Fun stuff! The projected completion date for the adjustment is June 30, 2012 so it could be just around the corner. Of course they had originally planned on completing it before the end of 2011 but maybe this time they will be on schedule. If you want more information about the NA2011 you can visit the NGS web site.

Another Tool in the Box: National Geographic’s MapMaker Interactive

I finally got around to playing with National Geographic’s MapMaker Interactive application on the organization’s education site. As a GIS analyst with two young boys I am always interested in tools that can help teach them about geography or GIS. The MapMaker tool helps teach both of these.

The interface is built on the ArcGIS framework using the ArcGIS API for flex. It features eight base maps to choose from including National Geographic view, satellite view, streets view and oceans view. There are also six themes (with related sub-themes) such as water, land, climate and population, that help users turn out handsome looking maps quickly.

National Geographic MapMaker Interactive

The drawing tools are very user-friendly and include only six basic tools. In addition to these, there is a “markers” tab that provides 30 different symbols representing vegetation, structures and events. You choose between three different marker sizes then drag and drop the marker where you want the point to be located.

Other than looking at the prefabricated themes or measuring distances between locations there is really no analysis that can be done with this map. However, the tool is called MapMaker, not MapAnalyzer, and is geared toward kids so one really cannot complain.

While kids might be the target audience of the MapMaker, its simplicity lends itself to be used by adults who are not GIS savvy but might want to make a quick and authoritative looking map for a manager or client.

The National Geographic education site is still in Beta at the time of this post so there are still a few issues with the tools acting buggy. It would also be great to see a PDF export option and a way to retain measurement annotation as a permanent part fo the map. Those are just minor complaints though and the functionality may well change as the web site goes through and comes out of Beta.

Overall this is a great tool to use for basic mapping or teaching about geography and geographic information systems. Head over to the site and give it a try. You might find that you have another free tool that you can use to make a quick one-off presentation map or you can recommend it to a non-GIS user who wants to play cartographer.

Teaching Geography is Fundamental Act is Misguided

There are nine core academic subjects in the No Child Left Behind Act. Of the nine, only geography doesn’t have its own federal funding stream. Since 2008, geography advocates have petitioned the federal government for just such a stream, in part by supporting what is called the Teaching Geography is Fundamental Act. There is a reason why this act has been introduced and subsequently died in two previous congresses – It is not good legislation.

Out of 15 potential uses for the funds identified within the Act, only a few reference clear, actionable uses.

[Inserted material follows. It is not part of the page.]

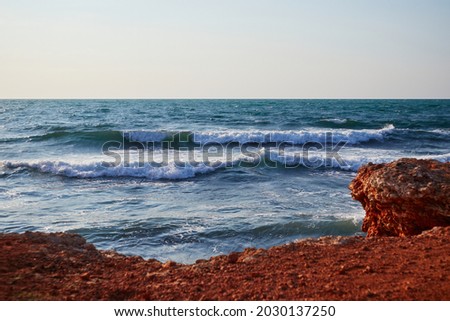 rocky coast of the black sea with waves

The rest consist of “promoting”, “strengthening”, “encouraging” or “supporting” vague notions including “academic standards”, applying GIS to teaching, and “research”. What does that actually mean?

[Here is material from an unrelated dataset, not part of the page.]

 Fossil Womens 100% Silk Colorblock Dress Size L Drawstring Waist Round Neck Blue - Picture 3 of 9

The language of the Act creates a grant of $75,000,000 spread over five years but fails to designate concrete uses of that money. The Act basically throws money at an issue expecting the issue to then resolve itself. Of course, this should surprise no one since the government’s response to most problems is to appropriate funds. Educators should know better than to see this as a solution but it becomes difficult to see beyond the potential of receiving money, regardless of its dubious origins.

Activists could better spend their time trying to get rid of legislation like the No Child Left Behind Act so we can stop teaching based on federal mandates and standardized tests and go back to student based teaching.